IMG = r"C:\Users\ast\Documents\project\train_images"
SPLIT="split42_70-30.json"

BATCH=16; EPOCHS=10; LR=1e-4; WD=3e-4; SMOOTH=0.05
OUT_MET = f"result_exp3_{TAG}.json"
OUT_PRED= f"pred_exp3_{TAG}.csv"

# 증강본 저장 옵션
SAVE_AUG=True
SAVE_DIR=f"./aug_vis_{TAG}"
SAVE_FIRST_BATCHES=2; SAVE_PER_CLASS=2; SAVE_TOTAL_LIMIT=120
os.makedirs(SAVE_DIR, exist_ok=True)

# ────────────────────────── 3. 시드
def seed_all(s:int):
    random.seed(s); np.random.seed(s); os.environ["PYTHONHASHSEED"]=str(s)
    torch.manual_seed(s); torch.cuda.manual_seed_all(s)
    torch.backends.cudnn.deterministic=True; torch.backends.cudnn.benchmark=False
seed_all(SEED)

# ────────────────────────── 4. 변환
class AddPoissonNoise:
    """tensor ∈ [-1,1] → Poisson 노이즈 후 다시 [-1,1]"""
    def __init__(self, lam_scale: float = 127):
        self.lam = lam_scale
    def __call__(self, t: torch.Tensor):
        t01 = (t * 0.5 + 0.5).clamp(0,1)            # [0,1]
        noisy = torch.poisson(t01 * self.lam) / self.lam
        return (noisy * 2 - 1).clamp(-1,1)          # back to [-1,1]
    def __repr__(self): return f"AddPoissonNoise(lam={self.lam})"
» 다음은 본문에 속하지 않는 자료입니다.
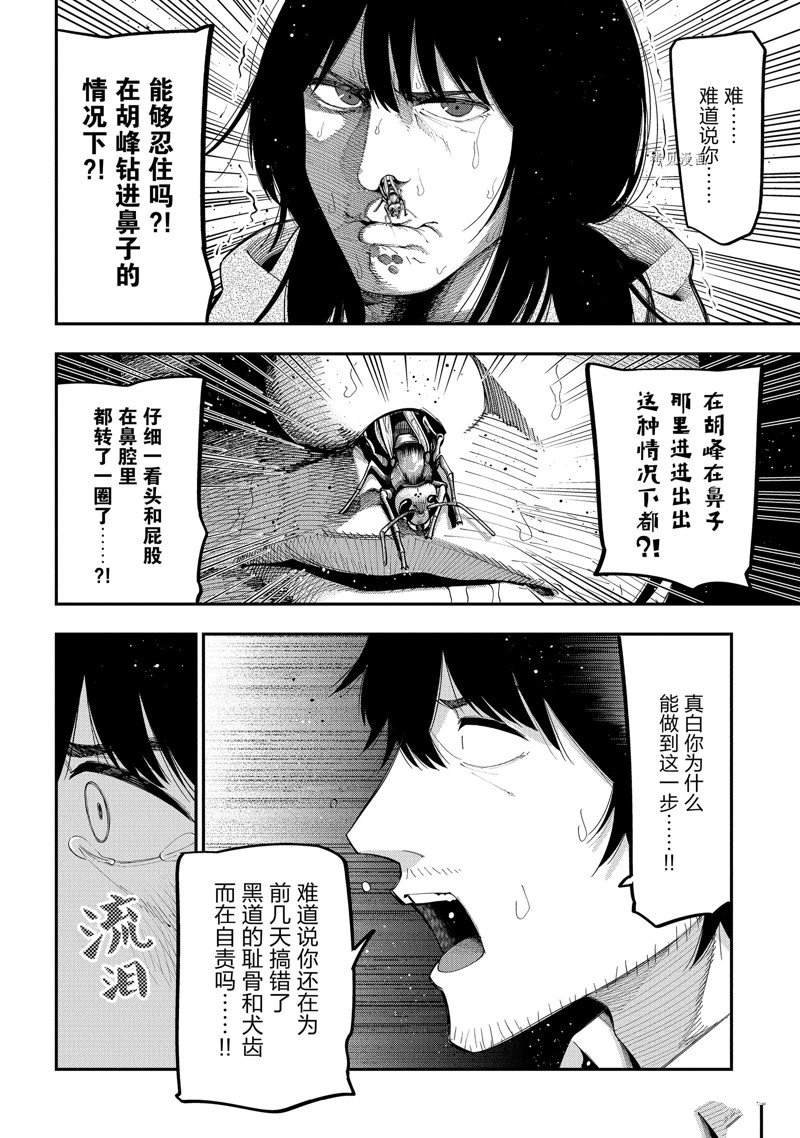 第76话 试看版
train_tf = transforms.Compose([
    transforms.RandomHorizontalFlip(0.5),
    transforms.RandomVerticalFlip(0.5),
    transforms.ColorJitter(brightness=0.2, contrast=0.2),
    transforms.Resize((224,224)),
    transforms.ToTensor(),
    AddPoissonNoise(LAM),
    transforms.Normalize([0.5]*3, [0.5]*3),
])
test_tf = transforms.Compose([
    transforms.Resize((224,224)),
    transforms.ToTensor(),
    transforms.Normalize([0.5]*3, [0.5]*3),
])

# ────────────────────────── 5. Dataset
class ScrapDataset(Dataset):
    def __init__(self, df, tf, le, save_aug=False):
        self.df=df.reset_index(drop=True).copy()
        self.dir=IMG; self.tf=tf; self.le=le
        self.cls = le.transform(self.df["weight_class"])
        self.save_aug=save_aug; self.saved_tot=0
        self.class_cnt={i:0 for i in range(len(le.classes_))}
    def __len__(self): return len(self.df)
    def __getitem__(self, idx):
        row=self.df.iloc[idx]
        pil=Image.open(os.path.join(self.dir,row.filename)).convert("RGB")
        tensor=self.tf(pil)
        if (self.save_aug and
            self.saved_tot < SAVE_TOTAL_LIMIT and
            self.saved_tot < SAVE_FIRST_BATCHES*BATCH and
            self.class_cnt[self.cls[idx]] < SAVE_PER_CLASS):
            fname=f"{self.saved_tot:04d}_{row.filename}"
            save_image((tensor*0.5+0.5).clamp(0,1), os.path.join(SAVE_DIR,fname))
            self.class_cnt[self.cls[idx]]+=1; self.saved_tot+=1
        return tensor, torch.tensor(self.cls[idx]), row.filename

# ────────────────────────── 6. split
df=pd.read_csv(CSV)
if os.path.exists(SPLIT):
    idx=json.load(open(SPLIT)); tr_idx, te_idx=idx["train"], idx["test"]
else:
    tr_idx, te_idx=train_test_split(range(len(df)),train_size=70,test_size=30,
        stratify=df["weight_class"], random_state=SEED)
    json.dump({"train":tr_idx,"test":te_idx}, open(SPLIT,"w"))
train_df, test_df = df.iloc[tr_idx], df.iloc[te_idx]
le = LabelEncoder().fit(train_df["weight_class"])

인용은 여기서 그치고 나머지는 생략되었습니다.